With the operating system set up, Sam went about implementing the company Intranet following these steps:
- DNS Server
- Email Server
- Caching Proxy Server
- Shared Files Server (for MS Windows)
- Intranet Web Server
- Newsgroups Server
It is not as if Sam did not look at other operating systems or server software for his Intranet server - far from a Linux zealot, Sam in fact was most comfortable with Microsoft Windows NT, and the software available on it. However, with the kind of limited resources and budget that Sam had, Windows just did not work out for him. For example, the most natural choice for Sam was using Microsoft IIS on Windows NT. However, it required him to get a Windows NT Server license, which was just out of question for him. He just couldn't find free or cheap, yet reliable, server software on Windows. For example, the only reasonable caching web proxy servers that he could find for Windows were Microsoft Proxy Server and iPlanet Proxy Server, both of which were exorbitantly priced.
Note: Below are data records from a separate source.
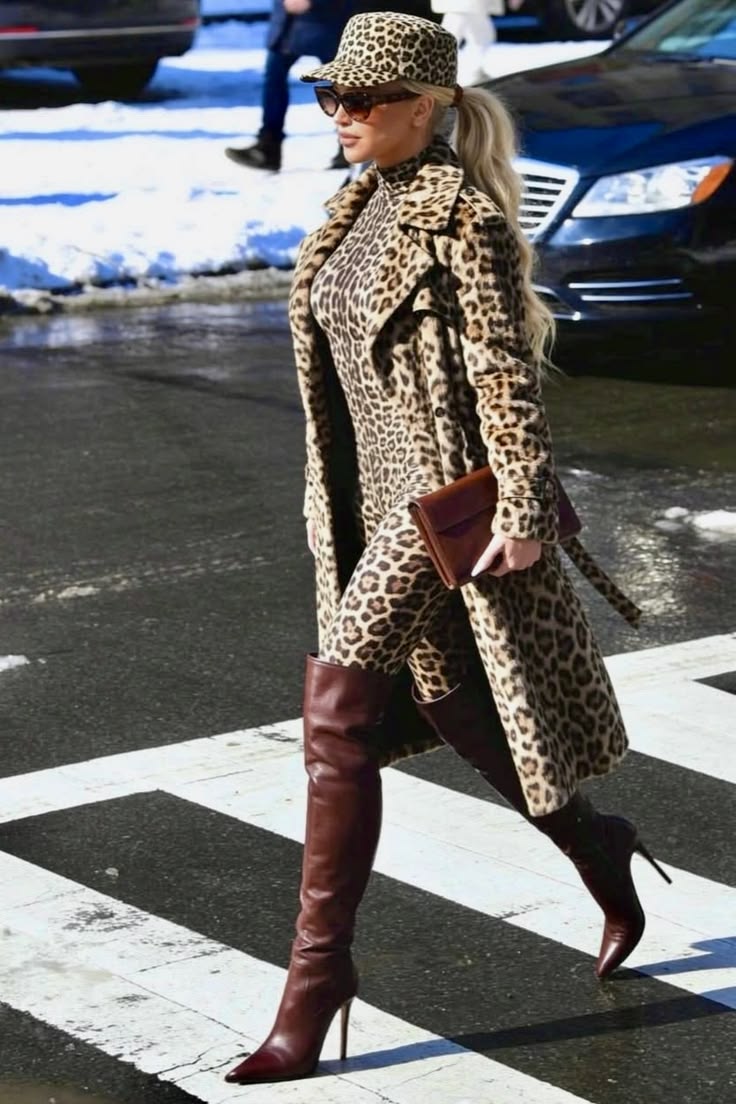 Editorial street style in a leopard-print coat and burgundy boots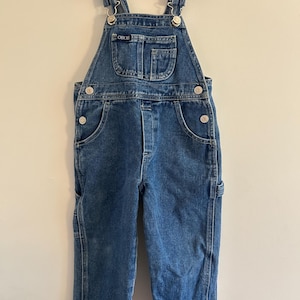 May include: Blue denim overalls with adjustable straps and metal hardware. The overalls have a bib pocket, side pockets, and button closures. The brand name "Cherokee" is visible on the bib. A classic, durable garment for children.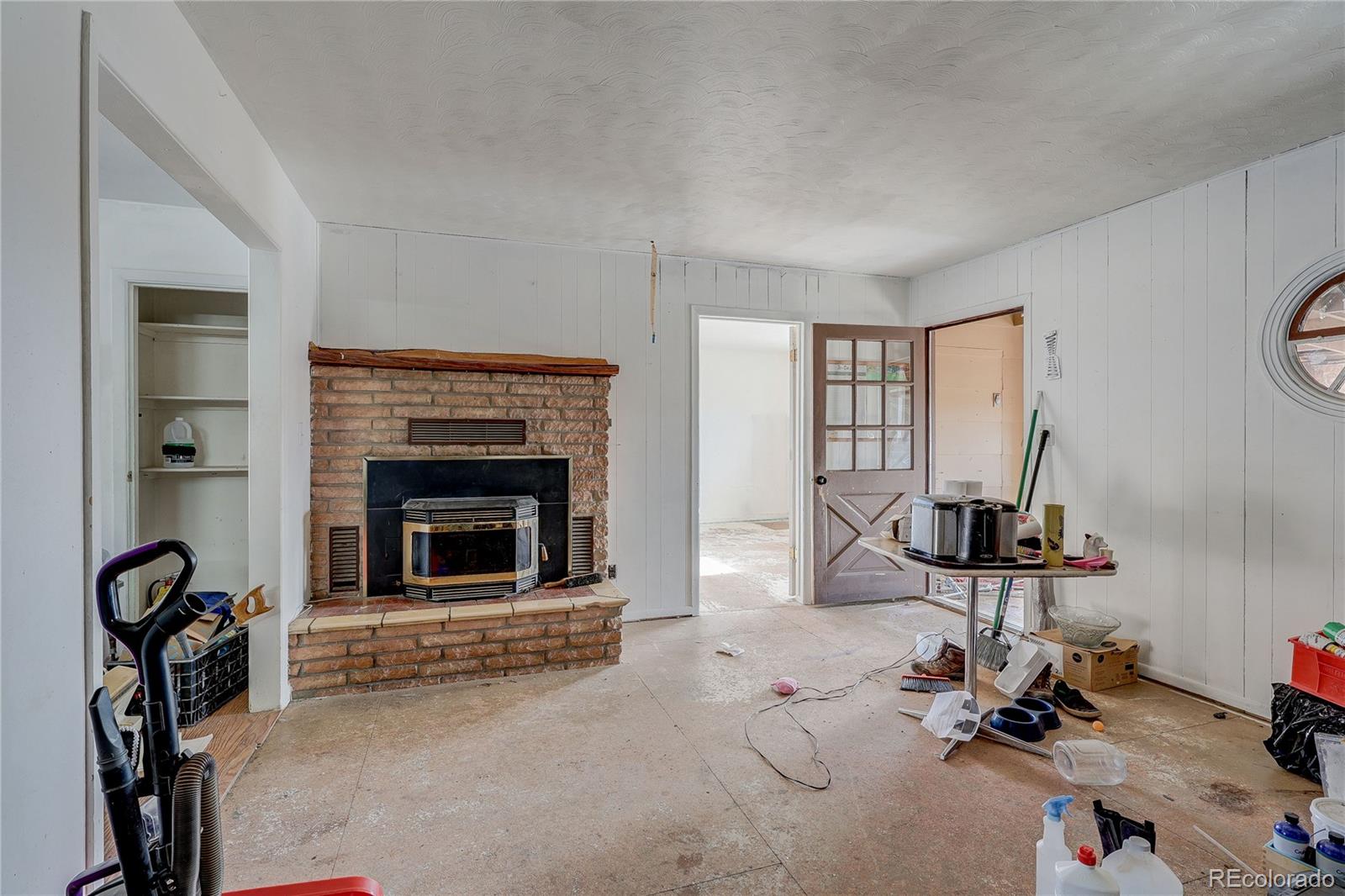 952 Twin Lakes Road Walsenburg, CO 81089 - Photo 25 of 47 a room with gym equipment and a fireplace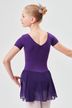 Ein junges Mädchen in einem lila Ballettbody und Rock posiert in einer Balletthaltung und blickt von der Kamera weg. 2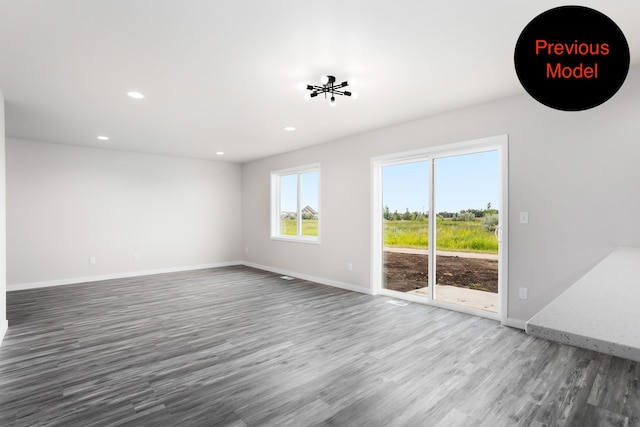 empty room featuring hardwood / wood-style floors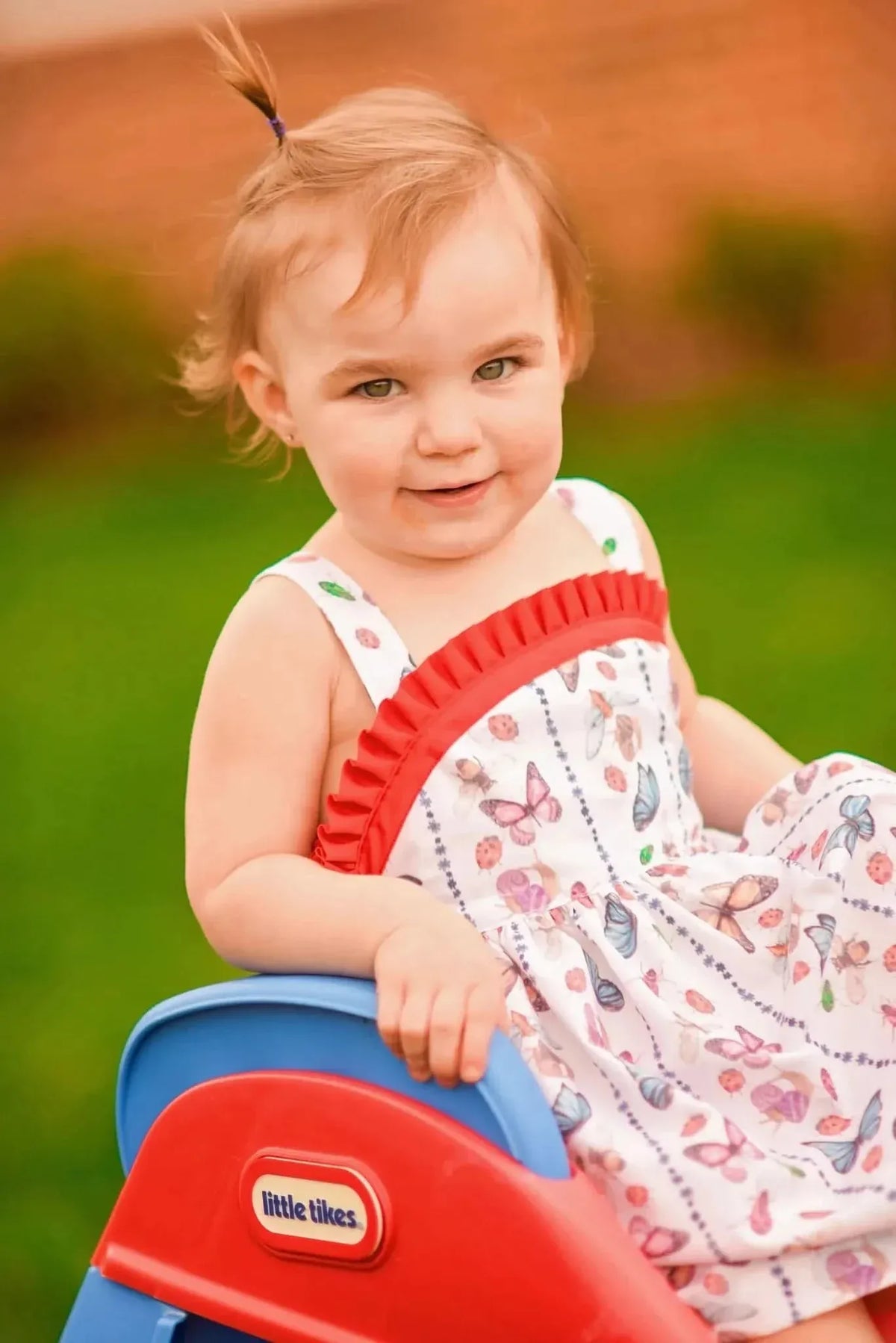 Toddler in a butterfly and bug print dress on a red and blue slide.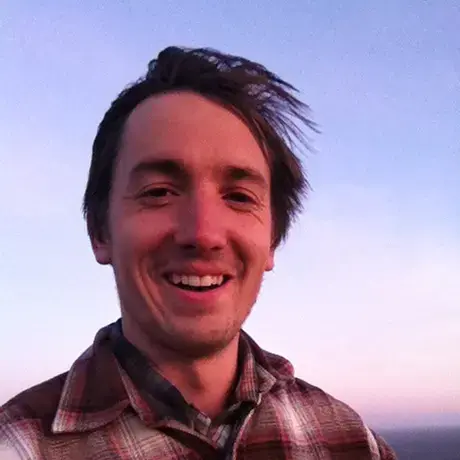 Photo of Nate Hegyi in plaid shirt at sunset
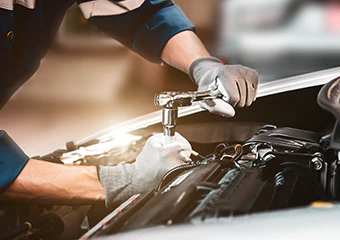 mechanic working on an engine of a vehicle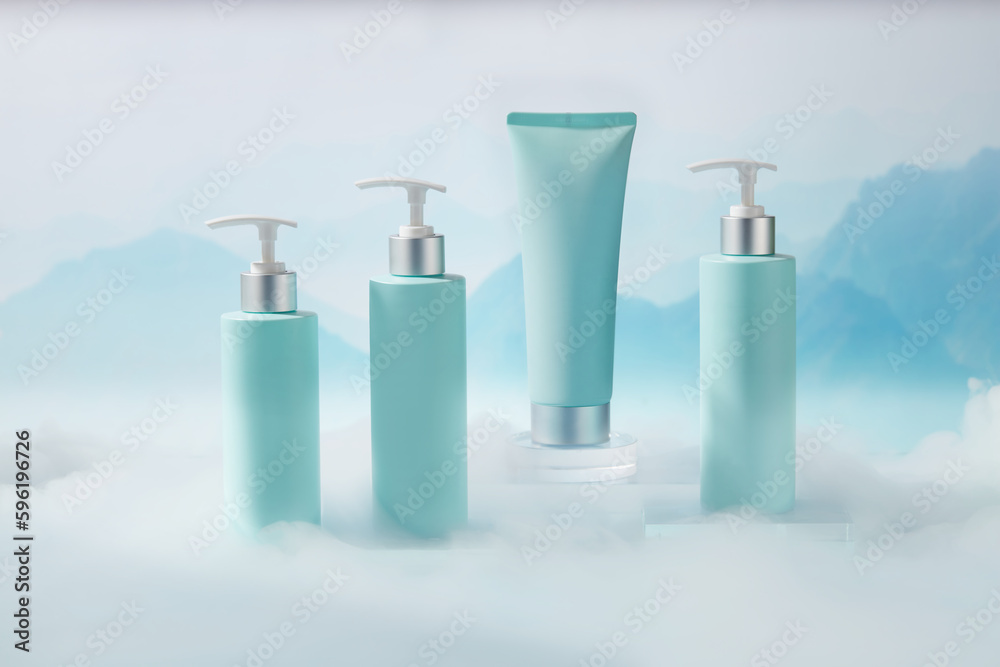 Set of cosmetic container with pump dispenser bottles and tube in light blue color placed on transparent podium. Natural background with mountains behind and white smoke Set of cosmetic container with pump dispenser bottles and tube in light blue color placed on transparent podium. Natural background with mountains behind and white smoke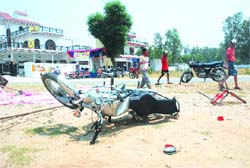 A motorbike lying damaged after a clash between SAD and Congress workers at Dhapai village in Kapurthala.
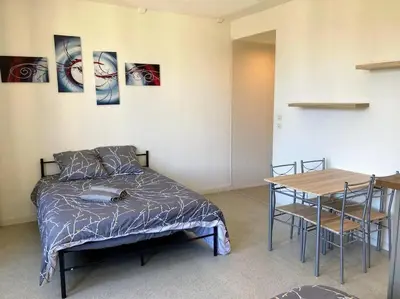 Un ou plusieurs lits dans un hébergement de l'établissement Appartement double dans le centre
He also looked at the other operating systems for PCs, most notably
though he liked the stability and general robustness of this system,
he just didn't find enough resources on the Internet to help him
out with the setup. And to be really frank, Sam did have
some experience with Linux, so he was a bit biased towards it.
Sam's wisdom and effort helped the company make the maximum utilisation of their then scarce resources. The Intranet went beyond its original goals of helping save bandwidth and helped create a community of hobbits working for the company with a level of sharing and camaraderie hitherto unseen in the industry. Hobbitware.com became a model for other companies looking to improve resource utilisation and employee satisfaction. Frodo was immensely pleased with Sam and gave him a big bonus and a raise.
Over time the company grew in size and acquired
a much fatter Internet connection, but the Intranet server continued
to serve the community of hobbits merrily at work there, even though
bandwidth-saving was no longer a primary requirement.
The author expresses his gratitude towards Torry Harris Business Solutions, his employers at the time of this writing, for providing the infrastructure and support needed to test the concepts given here.
Words can not do justice to the value of the effort of thousands of people from around the world who have provided us with software of such superior quality for free, and others who have written documentation that helps us use them effectively. The author hopes to contribute to this effort in his own small way.
And last, but not the least, the author wishes to specially thank the late J.R.R. Tolkien for creating “The Lord of The Rings” - quite possibly the best fantasy fiction ever penned - and Mark Fisher for creating the superb Encyclopedia of Arda, a fantastic guide to the worlds of Tolkien.